E tutto questo grava sulle spalle della protagonista e sulla sua idea di maternità: come in un'osmosi non richiesta, il disamore o perlomeno l'egoismo sentimentale di Dolly pesano sul presente della quarantottenne Mary Rose, che ha difficoltà a sopportare i capricci della figlia Maggie e non capisce fino in fondo il più introverso primogenito, Matthew. 

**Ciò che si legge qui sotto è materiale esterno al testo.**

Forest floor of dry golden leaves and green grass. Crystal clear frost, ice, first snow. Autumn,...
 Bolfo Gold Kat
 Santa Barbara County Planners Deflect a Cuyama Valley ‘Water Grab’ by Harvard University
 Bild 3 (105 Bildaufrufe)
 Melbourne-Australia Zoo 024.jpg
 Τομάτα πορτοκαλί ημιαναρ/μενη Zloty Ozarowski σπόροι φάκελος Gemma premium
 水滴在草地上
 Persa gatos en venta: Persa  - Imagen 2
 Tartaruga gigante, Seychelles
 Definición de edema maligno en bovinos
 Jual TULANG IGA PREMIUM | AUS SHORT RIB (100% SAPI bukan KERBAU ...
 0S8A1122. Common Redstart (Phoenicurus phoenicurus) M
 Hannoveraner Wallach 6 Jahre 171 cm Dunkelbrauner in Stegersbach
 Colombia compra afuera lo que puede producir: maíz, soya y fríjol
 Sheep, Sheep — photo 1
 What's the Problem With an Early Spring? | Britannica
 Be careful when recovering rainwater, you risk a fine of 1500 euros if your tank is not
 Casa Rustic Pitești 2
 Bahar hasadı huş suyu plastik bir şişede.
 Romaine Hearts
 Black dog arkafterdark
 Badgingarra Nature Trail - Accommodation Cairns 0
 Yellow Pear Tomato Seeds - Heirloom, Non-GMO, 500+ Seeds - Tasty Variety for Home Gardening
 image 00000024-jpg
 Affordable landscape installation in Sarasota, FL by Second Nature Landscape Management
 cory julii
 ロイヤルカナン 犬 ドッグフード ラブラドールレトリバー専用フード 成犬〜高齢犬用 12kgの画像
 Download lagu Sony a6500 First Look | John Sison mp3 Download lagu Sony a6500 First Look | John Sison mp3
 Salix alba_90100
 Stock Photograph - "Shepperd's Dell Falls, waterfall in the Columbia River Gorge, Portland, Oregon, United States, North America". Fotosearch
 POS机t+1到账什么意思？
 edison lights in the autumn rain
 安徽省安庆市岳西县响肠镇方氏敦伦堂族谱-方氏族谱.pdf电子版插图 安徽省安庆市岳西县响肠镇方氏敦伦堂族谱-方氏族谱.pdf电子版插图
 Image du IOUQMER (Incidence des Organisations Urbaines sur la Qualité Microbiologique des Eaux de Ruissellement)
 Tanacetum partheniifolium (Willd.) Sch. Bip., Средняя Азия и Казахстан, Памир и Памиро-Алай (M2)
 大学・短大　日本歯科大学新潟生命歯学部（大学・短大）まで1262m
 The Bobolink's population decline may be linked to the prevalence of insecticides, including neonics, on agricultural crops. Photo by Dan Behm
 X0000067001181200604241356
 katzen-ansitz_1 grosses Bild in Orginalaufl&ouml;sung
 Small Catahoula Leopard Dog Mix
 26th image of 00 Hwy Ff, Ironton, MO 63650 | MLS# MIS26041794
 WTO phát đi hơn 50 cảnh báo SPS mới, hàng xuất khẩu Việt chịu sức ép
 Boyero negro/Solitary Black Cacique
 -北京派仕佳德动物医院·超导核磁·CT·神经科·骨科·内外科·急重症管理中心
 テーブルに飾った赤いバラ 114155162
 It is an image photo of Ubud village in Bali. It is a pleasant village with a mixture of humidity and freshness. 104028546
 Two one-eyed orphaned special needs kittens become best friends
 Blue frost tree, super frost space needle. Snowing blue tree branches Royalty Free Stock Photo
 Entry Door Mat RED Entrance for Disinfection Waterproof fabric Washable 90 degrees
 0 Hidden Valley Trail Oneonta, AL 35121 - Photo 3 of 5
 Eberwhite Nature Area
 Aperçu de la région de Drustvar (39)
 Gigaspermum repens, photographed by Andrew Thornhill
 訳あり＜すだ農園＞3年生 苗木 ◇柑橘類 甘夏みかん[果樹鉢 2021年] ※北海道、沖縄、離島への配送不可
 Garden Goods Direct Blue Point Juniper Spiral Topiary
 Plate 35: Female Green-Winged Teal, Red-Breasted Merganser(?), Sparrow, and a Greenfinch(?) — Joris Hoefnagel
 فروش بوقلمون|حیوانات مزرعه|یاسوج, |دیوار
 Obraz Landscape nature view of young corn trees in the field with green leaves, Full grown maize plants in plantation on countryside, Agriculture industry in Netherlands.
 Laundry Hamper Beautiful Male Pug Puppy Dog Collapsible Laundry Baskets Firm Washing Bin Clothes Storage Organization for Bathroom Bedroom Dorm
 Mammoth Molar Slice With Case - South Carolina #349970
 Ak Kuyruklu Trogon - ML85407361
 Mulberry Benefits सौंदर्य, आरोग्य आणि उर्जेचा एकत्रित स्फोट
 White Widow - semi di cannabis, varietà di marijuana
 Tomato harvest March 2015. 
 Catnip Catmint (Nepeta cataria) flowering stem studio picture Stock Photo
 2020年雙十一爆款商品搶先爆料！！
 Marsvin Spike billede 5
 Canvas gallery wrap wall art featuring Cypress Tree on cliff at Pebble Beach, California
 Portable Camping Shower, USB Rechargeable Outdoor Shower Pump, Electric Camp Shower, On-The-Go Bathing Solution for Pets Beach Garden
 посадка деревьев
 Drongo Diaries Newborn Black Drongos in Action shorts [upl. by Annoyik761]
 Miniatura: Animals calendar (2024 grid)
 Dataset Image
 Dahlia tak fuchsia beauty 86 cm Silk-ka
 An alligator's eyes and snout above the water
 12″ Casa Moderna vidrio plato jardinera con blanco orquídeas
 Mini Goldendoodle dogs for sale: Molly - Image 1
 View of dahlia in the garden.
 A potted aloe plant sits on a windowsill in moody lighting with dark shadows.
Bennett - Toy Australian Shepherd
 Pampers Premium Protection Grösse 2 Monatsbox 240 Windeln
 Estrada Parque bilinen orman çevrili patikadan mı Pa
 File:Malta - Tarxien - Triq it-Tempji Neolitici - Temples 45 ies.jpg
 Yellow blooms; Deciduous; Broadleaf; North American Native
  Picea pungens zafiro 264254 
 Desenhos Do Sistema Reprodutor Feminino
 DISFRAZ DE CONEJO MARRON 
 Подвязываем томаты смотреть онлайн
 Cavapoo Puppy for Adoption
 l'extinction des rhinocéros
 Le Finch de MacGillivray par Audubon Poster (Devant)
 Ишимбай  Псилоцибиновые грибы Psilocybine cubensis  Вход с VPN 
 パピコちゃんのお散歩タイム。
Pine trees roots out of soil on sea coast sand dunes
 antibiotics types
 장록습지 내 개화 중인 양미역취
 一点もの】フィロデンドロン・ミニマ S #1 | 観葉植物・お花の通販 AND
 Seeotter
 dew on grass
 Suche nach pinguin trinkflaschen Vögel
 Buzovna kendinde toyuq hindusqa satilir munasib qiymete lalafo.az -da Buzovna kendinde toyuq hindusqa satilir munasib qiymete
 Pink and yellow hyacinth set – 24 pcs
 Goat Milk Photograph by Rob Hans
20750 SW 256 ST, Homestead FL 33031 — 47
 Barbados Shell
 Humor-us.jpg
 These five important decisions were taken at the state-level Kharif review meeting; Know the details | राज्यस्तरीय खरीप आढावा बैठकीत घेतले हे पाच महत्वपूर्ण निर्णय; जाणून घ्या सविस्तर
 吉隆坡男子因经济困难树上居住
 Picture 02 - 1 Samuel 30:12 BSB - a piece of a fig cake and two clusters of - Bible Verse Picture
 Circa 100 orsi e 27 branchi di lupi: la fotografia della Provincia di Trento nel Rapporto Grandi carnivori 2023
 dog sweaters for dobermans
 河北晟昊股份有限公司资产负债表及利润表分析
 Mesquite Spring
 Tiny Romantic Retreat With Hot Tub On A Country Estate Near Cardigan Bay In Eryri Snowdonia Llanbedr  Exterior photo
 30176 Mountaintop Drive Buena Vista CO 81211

Aprile è il più crudele dei mesi, si sa, e il lettore accompagna Mary Rose lungo una densa e complessa settimana, dal lunedì alla domenica, quando arriveranno Dolly e Duncan in visita. Hilary non c'è, è assente per lavoro come suo solito, e Mary Rose dovrà fare i conti con i dubbi che le martellano sempre più disperatamente sottopelle, lì dove ci sono tutte le ferite di un tempo:
Le cicatrici ti rendono più forte, e aiutano a raccontare una storia: come striature di una roccia ignea, una storia di eruzioni e centimetri epocali. (p. 338)
E proprio come se quella roccia fosse incisa, piano piano nei ricordi di Mary Rose si fanno strada flash dissonanti che interrompono l'atmosfera claustrofobica della routine: tra piatti e stoviglie, unicorni da reincollare, stivaletti spaiati e pulizie ossessive, ci si avvicina sempre più al dramma. Il lettore si chiede a ogni pagina se Mary Rose riuscirà a unire i dettagli della sua infanzia, se soccomberà alla rabbia che a volte pare travolgerla irrazionalmente, se fuggirà alle responsabilità con qualche gesto estremo, o se chiuderà la porta in faccia ai genitori, la domenica. Queste e altre domande travolgono di pagina in pagina, tra il timore di scoprire il cedimento della protagonista e la curiosità di vedere fin dove osa la MacDonald.
La stessa disintegrazione nervosa della protagonista, poi, ha ripercussioni sullo stile del romanzo (anche se la traduzione non pare felicissima, con scelte lessicali più volte discutibili): la grammatica, che per il «Sunday Book Review» è «a sanctuary of order» per l'autrice, collassa e si ribella tanto quanto i percorsi razionali di Mary Rose.

Un romanzo coraggioso che mostra cosa accade lontano dagli occhi del vicinato, tra le mura domestiche che, tradizionalmente, vorremmo chiamare "casa".